# Instant Pot stuff



## glhs837

Man, keep finding how awesome this thing is. Cheesecake like I would never imagine I could make, full blown NY style. Baby back Ribs that fall off the bone in less than 45 minutes including the dry rub and five minutes in the broiler after the IP. Last night we pressure steamed some lobster tails followed by shrimp for an early Valentines day treat. Set it up with steel cut oats and water the night before on delay start, wake up to an awesome breakfast.


----------



## vraiblonde

Tell me more about the cheesecake.  How did you do it?


----------



## glhs837

https://thisoldgal.com/pressure-cooker-new-york-cheesecake/

This was the recipe I followed. Including the Tips link. Pic is mine. Wife and daughter inhaled thiers the next day, I saved a second piece of mine for the day after and it tasted even better. 




First time I ever made a cheesecake that wasnt Jello Instant  The only things I might do different is to actually heat the graham cracker crust instead of refrigerate it, and place it on a convex surface when covered in the fridge so condensation from the lid rolls down and away.  But even at that, it was some of the best cheesecake I've ever had.


----------



## mAlice

Okay, I caved.  I bought an Instant Pot.  Between work and chores at home, and a not so healthy MIL just moving in, I need something that will get me back in the kitchen, and out of the freezer section of the grocery store.  Somebody point me to the recipes!


----------



## glhs837

mAlice said:


> Okay, I caved.  I bought an Instant Pot.  Between work and chores at home, and a not so healthy MIL just moving in, I need something that will get me back in the kitchen, and out of the freezer section of the grocery store.  Somebody point me to the recipes!



I joined a FB group "Instant Pot Recipes Only" and so recipies cross my feed on a regular basis. Ones that catch our eye, we'll pull up an either use them or go find versions we like better. The above is great cheesecake. When we find one we like, it gets printed and put into the binder my daughter made up mockingly titled "With the Instant Pot (TM) You do have TIME!!!!"  One of the go tos is simple hard boiled eggs so we always have some on hand. 

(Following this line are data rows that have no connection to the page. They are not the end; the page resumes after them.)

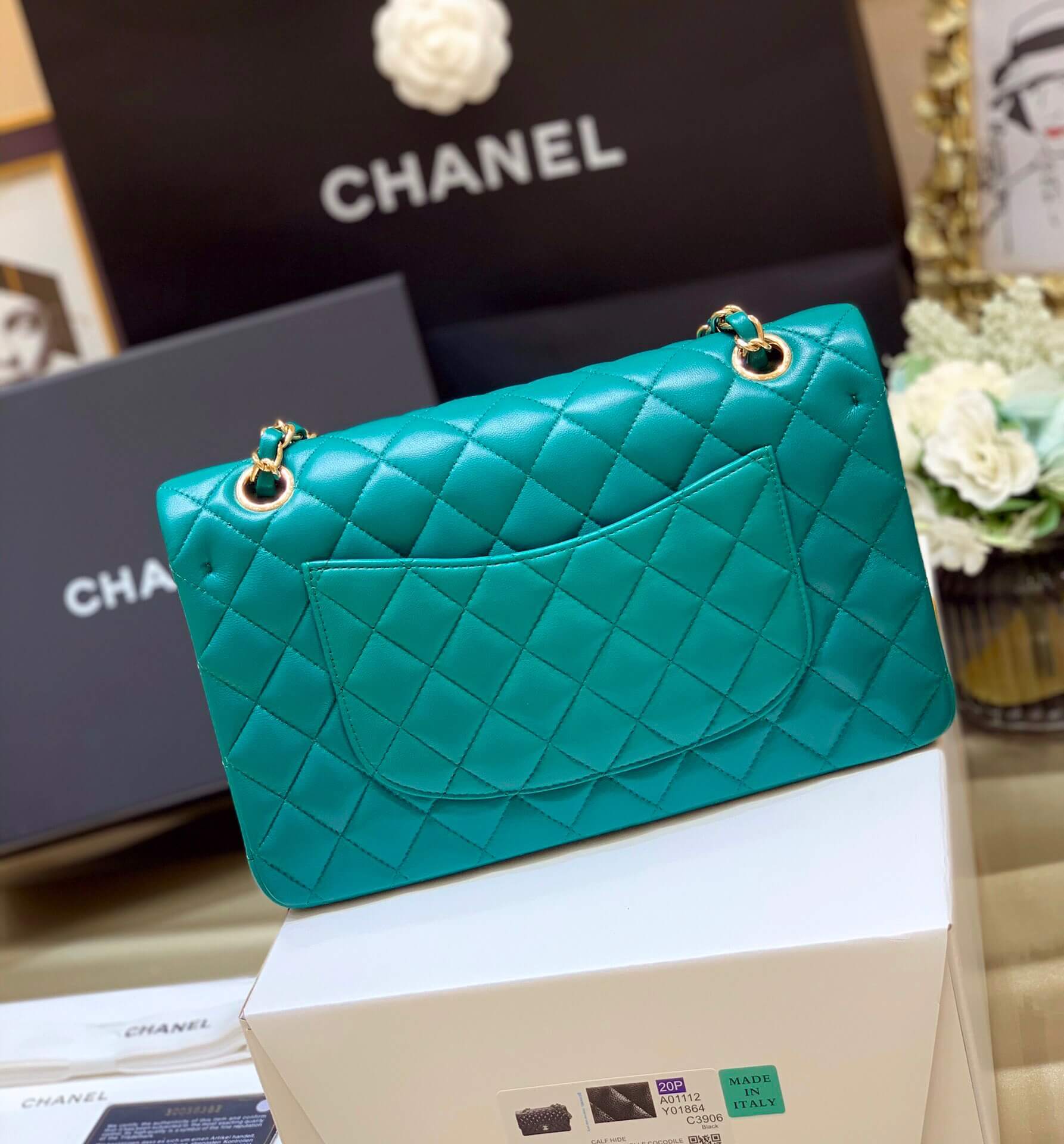 Chanel香奈儿 CF25 Classic flap bag A01112宝石绿牛皮金扣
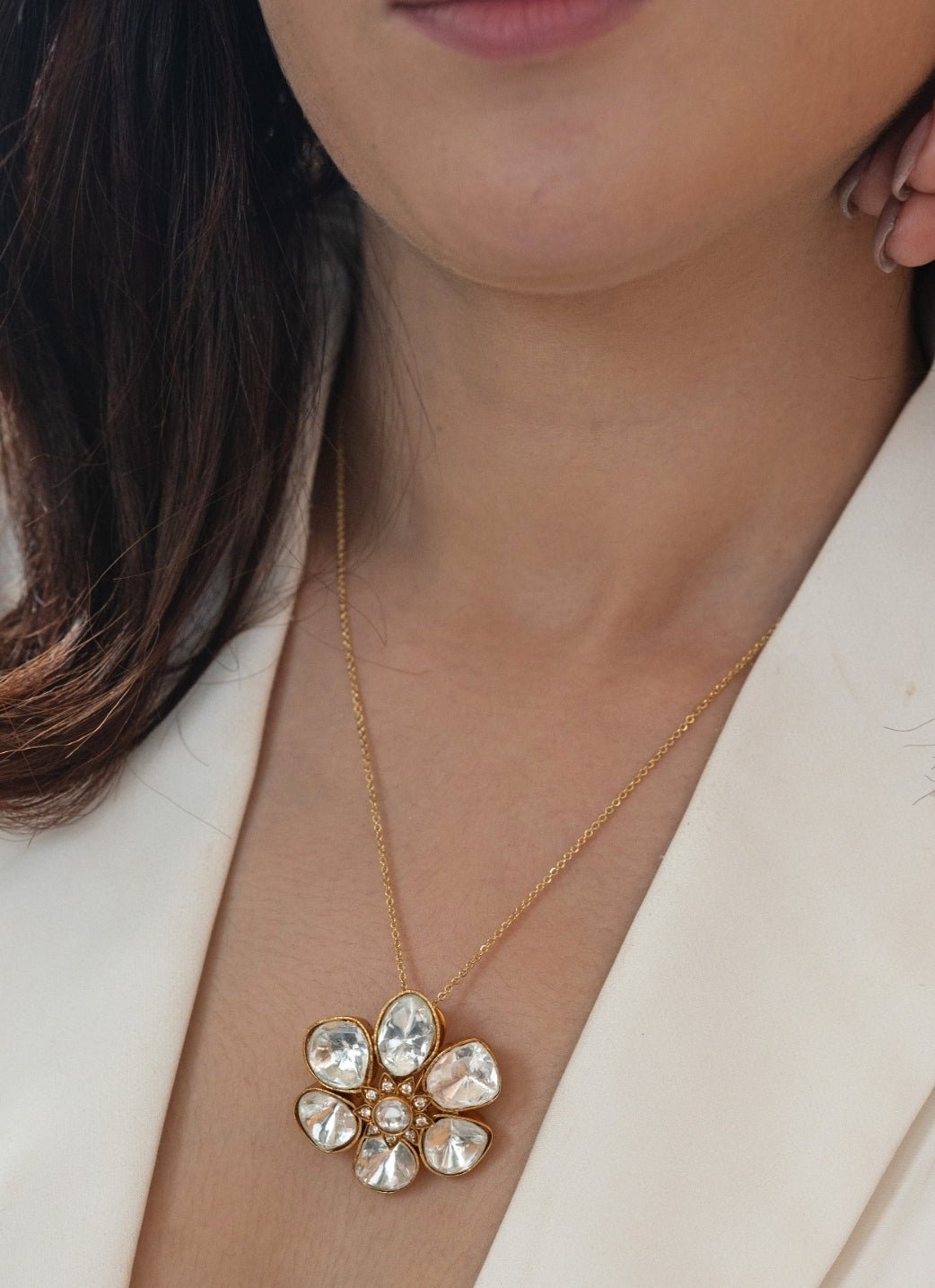 Do Taara Gold Polki Pendant NecklaceFabilicious Fashion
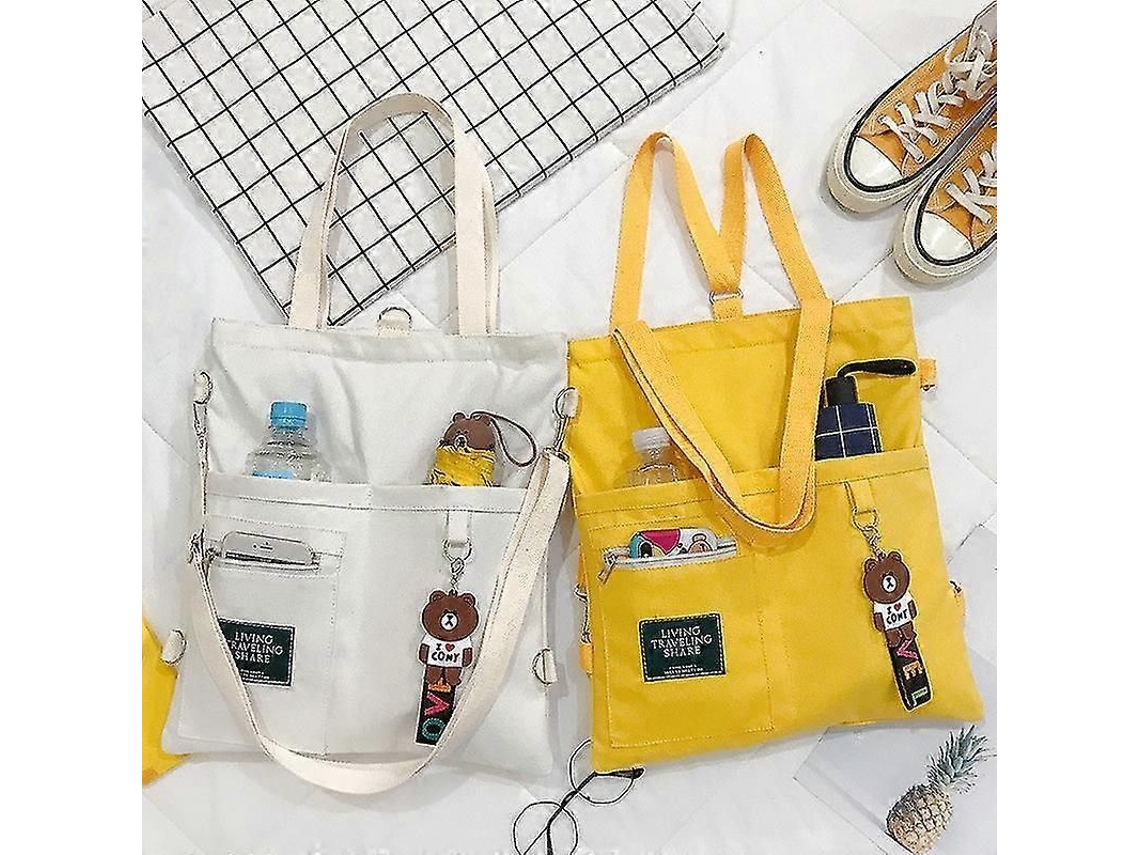 Bolsa Feminina de Lona, ​​bolsa de Ombro, Grande Capacidade, Simples, Dobrável, Sacola de Compras, Bolsa Escolar para Meninas. GOKOCO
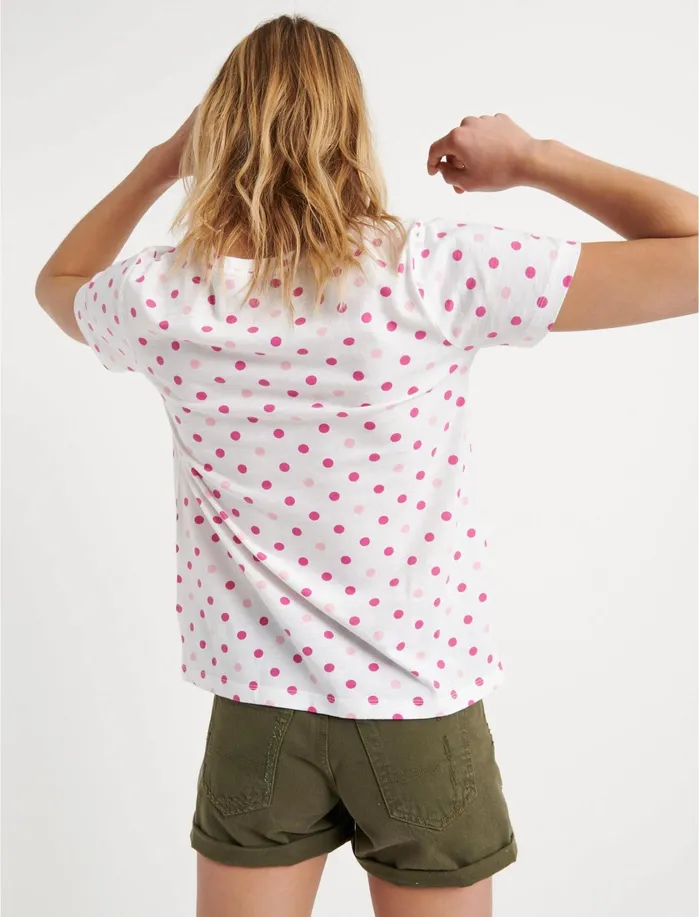 Graphic Tees Women Lucky Brand Angeles Poka Dot Pink Multi
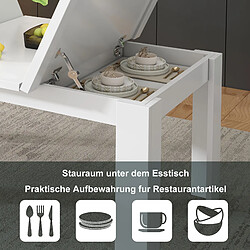 Avis Merax Table à Manger 120x70cm-avec Espace De Rangement-table à Manger Rectangulair-blanche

Here's the keeper baby back rib recipe. 

https://iwashyoudry.com/instant-pot-baby-back-pork-ribs/

We did crank the pressure cook time up from 35 to 40 minutes, but otherwise didnt change a thing. Used the BOGO ribs from Haerris Teeter and man, what a deal


----------



## mAlice

glhs837 said:


> I joined a FB group "Instant Pot Recipes Only" and so recipies cross my feed on a regular basis. Ones that catch our eye, we'll pull up an either use them or go find versions we like better. The above is great cheesecake. When we find one we like, it gets printed and put into the binder my daughter made up mockingly titled "With the Instant Pot (TM) You do have TIME!!!!"  One of the go tos is simple hard boiled eggs so we always have some on hand.
> 
> Here's the keeper baby back rib recipe.
> 
> https://iwashyoudry.com/instant-pot-baby-back-pork-ribs/
> 
> We did crank the pressure cook time up from 35 to 40 minutes, but otherwise didnt change a thing. Used the BOGO ribs from Haerris Teeter and man, what a deal



Thanks!


----------



## vraiblonde

glhs837 said:


> https://thisoldgal.com/pressure-cooker-new-york-cheesecake/
> 
> This was the recipe I followed. Including the Tips link. Pic is mine. Wife and daughter inhaled thiers the next day, I saved a second piece of mine for the day after and it tasted even better.
> 
> First time I ever made a cheesecake that wasnt Jello Instant  The only things I might do different is to actually heat the graham cracker crust instead of refrigerate it, and place it on a convex surface when covered in the fridge so condensation from the lid rolls down and away.  But even at that, it was some of the best cheesecake I've ever had.



Thanks!


----------



## LightRoasted

If I may ...

I thought pressure cookers are used to make bombs?


----------



## glhs837

LightRoasted said:


> If I may ...
> 
> I thought pressure cookers are used to make bombs?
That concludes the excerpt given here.